[Opening Data records section]
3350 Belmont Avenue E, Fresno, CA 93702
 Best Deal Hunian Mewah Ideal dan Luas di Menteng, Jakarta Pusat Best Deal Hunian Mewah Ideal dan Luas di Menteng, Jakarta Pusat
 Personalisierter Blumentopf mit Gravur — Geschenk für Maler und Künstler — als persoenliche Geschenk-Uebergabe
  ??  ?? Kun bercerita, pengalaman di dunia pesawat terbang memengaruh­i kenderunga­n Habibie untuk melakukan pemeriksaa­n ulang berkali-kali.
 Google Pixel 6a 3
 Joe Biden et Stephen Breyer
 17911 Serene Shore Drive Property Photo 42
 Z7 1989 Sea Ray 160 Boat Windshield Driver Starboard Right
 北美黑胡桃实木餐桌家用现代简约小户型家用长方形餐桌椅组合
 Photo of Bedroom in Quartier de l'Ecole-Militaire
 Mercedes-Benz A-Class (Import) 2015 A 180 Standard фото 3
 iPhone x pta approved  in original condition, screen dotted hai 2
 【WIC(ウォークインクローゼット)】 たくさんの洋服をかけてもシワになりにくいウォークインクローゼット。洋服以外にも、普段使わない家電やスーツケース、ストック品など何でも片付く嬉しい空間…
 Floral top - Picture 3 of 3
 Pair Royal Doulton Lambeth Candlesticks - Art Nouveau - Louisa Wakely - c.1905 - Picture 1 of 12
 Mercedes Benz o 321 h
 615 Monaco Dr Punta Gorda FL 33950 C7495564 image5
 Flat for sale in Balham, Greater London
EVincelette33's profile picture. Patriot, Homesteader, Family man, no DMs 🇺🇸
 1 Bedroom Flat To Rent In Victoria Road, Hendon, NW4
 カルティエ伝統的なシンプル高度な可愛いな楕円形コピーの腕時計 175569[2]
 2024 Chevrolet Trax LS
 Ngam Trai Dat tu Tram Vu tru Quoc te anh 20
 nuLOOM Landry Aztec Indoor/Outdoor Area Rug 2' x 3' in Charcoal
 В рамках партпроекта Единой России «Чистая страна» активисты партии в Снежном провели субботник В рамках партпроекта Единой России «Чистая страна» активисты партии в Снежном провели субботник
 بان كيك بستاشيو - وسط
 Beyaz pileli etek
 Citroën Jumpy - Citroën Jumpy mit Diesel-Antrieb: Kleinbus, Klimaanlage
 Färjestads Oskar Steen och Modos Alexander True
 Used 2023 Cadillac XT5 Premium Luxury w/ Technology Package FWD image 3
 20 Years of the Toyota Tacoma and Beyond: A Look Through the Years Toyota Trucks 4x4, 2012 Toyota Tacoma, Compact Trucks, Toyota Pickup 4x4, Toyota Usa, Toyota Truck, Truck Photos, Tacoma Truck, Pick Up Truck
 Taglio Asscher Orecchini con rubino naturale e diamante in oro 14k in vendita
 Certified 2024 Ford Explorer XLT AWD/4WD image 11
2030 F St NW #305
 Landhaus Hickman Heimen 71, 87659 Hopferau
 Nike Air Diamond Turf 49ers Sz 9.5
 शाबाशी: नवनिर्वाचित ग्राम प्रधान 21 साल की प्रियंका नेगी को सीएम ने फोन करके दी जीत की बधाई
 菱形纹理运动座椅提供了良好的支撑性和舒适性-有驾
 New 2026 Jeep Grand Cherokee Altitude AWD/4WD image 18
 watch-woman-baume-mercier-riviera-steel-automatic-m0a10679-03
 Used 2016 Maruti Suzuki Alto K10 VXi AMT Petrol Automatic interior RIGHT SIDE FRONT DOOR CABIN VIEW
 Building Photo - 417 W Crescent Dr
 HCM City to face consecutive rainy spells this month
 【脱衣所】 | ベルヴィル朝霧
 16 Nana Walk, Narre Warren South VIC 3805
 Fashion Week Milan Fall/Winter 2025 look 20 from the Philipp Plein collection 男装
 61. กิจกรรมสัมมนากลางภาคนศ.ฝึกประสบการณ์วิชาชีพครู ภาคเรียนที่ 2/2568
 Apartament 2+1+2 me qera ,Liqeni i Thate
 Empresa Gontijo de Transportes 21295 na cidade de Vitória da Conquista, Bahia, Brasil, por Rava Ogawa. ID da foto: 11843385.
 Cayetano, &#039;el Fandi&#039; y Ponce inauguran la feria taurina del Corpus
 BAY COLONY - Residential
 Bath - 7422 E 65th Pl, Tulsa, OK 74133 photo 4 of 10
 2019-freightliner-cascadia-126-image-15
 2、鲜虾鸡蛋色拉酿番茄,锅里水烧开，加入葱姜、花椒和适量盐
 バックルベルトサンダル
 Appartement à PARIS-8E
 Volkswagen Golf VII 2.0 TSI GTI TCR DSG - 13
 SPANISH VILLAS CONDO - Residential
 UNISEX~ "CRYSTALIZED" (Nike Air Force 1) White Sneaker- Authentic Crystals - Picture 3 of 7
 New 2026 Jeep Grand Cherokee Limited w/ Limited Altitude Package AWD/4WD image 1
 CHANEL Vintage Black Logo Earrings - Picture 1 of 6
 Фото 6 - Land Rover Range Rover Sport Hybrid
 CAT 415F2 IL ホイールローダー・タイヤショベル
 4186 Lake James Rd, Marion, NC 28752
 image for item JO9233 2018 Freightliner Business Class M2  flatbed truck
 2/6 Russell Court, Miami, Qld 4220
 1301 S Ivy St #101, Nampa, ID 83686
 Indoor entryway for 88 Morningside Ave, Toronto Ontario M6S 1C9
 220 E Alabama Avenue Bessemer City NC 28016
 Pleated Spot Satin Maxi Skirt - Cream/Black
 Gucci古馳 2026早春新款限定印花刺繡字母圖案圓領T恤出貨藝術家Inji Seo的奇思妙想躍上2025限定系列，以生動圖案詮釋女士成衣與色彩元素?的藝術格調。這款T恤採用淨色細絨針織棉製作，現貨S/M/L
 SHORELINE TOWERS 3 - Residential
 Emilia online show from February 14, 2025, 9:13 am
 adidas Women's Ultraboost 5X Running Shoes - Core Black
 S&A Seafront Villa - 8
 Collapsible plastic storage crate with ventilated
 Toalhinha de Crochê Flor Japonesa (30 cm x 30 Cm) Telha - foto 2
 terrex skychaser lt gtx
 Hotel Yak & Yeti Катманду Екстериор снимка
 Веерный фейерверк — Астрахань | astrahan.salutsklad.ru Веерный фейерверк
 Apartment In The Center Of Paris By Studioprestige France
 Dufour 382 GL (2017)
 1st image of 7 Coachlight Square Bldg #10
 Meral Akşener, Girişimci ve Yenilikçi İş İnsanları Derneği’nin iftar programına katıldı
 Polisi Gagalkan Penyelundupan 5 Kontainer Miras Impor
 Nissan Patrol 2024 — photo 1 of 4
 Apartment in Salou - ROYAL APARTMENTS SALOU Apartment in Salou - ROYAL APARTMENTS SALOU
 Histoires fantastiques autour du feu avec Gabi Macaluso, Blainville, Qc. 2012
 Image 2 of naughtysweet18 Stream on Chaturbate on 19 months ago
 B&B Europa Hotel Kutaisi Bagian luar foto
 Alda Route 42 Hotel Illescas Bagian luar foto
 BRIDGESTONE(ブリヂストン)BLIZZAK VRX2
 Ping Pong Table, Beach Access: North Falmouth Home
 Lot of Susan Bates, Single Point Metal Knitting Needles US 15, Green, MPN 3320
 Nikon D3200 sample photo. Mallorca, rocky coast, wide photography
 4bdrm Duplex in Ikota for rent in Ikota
[Closing Data records section]
**To do**
Your answer must consist solely of the lines above between the line holding "Ngam Trai Dat tu Tram Vu tru Quoc te anh 20" and the line holding "HCM City to", inclusive, copied exactly.

**Solution to this problem**
 Ngam Trai Dat tu Tram Vu tru Quoc te anh 20
 nuLOOM Landry Aztec Indoor/Outdoor Area Rug 2' x 3' in Charcoal
 В рамках партпроекта Единой России «Чистая страна» активисты партии в Снежном провели субботник В рамках партпроекта Единой России «Чистая страна» активисты партии в Снежном провели субботник
 بان كيك بستاشيو - وسط
 Beyaz pileli etek
 Citroën Jumpy - Citroën Jumpy mit Diesel-Antrieb: Kleinbus, Klimaanlage
 Färjestads Oskar Steen och Modos Alexander True
 Used 2023 Cadillac XT5 Premium Luxury w/ Technology Package FWD image 3
 20 Years of the Toyota Tacoma and Beyond: A Look Through the Years Toyota Trucks 4x4, 2012 Toyota Tacoma, Compact Trucks, Toyota Pickup 4x4, Toyota Usa, Toyota Truck, Truck Photos, Tacoma Truck, Pick Up Truck
 Taglio Asscher Orecchini con rubino naturale e diamante in oro 14k in vendita
 Certified 2024 Ford Explorer XLT AWD/4WD image 11
2030 F St NW #305
 Landhaus Hickman Heimen 71, 87659 Hopferau
 Nike Air Diamond Turf 49ers Sz 9.5
 शाबाशी: नवनिर्वाचित ग्राम प्रधान 21 साल की प्रियंका नेगी को सीएम ने फोन करके दी जीत की बधाई
 菱形纹理运动座椅提供了良好的支撑性和舒适性-有驾
 New 2026 Jeep Grand Cherokee Altitude AWD/4WD image 18
 watch-woman-baume-mercier-riviera-steel-automatic-m0a10679-03
 Used 2016 Maruti Suzuki Alto K10 VXi AMT Petrol Automatic interior RIGHT SIDE FRONT DOOR CABIN VIEW
 Building Photo - 417 W Crescent Dr
 HCM City to face consecutive rainy spells this month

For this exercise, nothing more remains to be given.